Cuomo is a very intelligent man who processes an amazing overview of
homelessness and poverty in the U.S.  Too bad his passion is so
obviously harnessed to his own political ambitions.  Too bad he placed
his schedule ahead of some of our most human needs.  It seemed
appropriate, somehow, that this guy would be talking affordable housing,
while funding only shelters with HUD's money.

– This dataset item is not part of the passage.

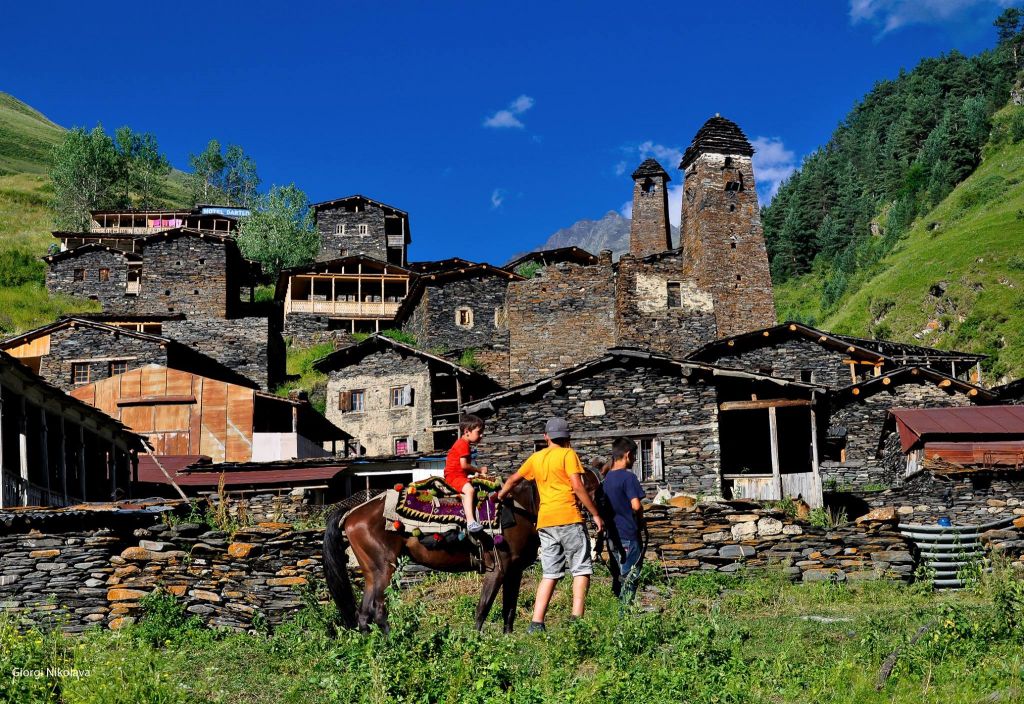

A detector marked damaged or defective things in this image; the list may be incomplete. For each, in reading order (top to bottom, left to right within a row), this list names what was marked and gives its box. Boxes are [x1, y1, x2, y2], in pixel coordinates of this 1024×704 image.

rusty metal roof [892, 407, 1024, 450]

The final straw was broken during a question-and-answer period following
the presentation.  When asked how welfare reform has impacted
homelessness, the Secretary stated: "there is not an increase in
homelessness because of welfare reform".  Guess that goes to show that
whatever personal political ambitions Andrew Cuomo harbors, he still
knows on which side his bread's buttered, and that Alan Greenspan's
testimony truly reflects President Clinton's agenda.  With leaders like
this, it is little wonder why the war on poverty has evolved into
localized pockets of "quality of life" guerrilla combat, inflicting a
spiraling body count of homeless people.

If we are truly prepared to end homelessness in our lifetime, then we
must be prepared to elevate this national dilemma of homelessness and
poverty to the national political arena.  All the Bill Clintons, or Alan
Greenspans, or Andy Cuomos in the world aren't going to effectively make
any significant inroads into homelessness until we hold ALL of the
policy makers and legislators in our Congress, Senate, and the White
House accountable for the misery and death precipitated by their efforts
to swing the moderate vote by pandering to "quality of life" issues .
Why?  Because, like Mr. Cuomo, this nation's elected and appointed
officials persist in their preoccupation with keeping their jobs by
providing more government austerity programs, prisons, guns, and other
"smart bombs on dumb missions" -- all at the expense of America's
poorest people.

The Pentagon loomed large outside the plane's window as we departed from
Ronald Reagan National Airport.  It looked like the keyhole to the
mother of all security locks.  If we could turn the key big enough to
fit that one, perhaps we could again unlock America's heart.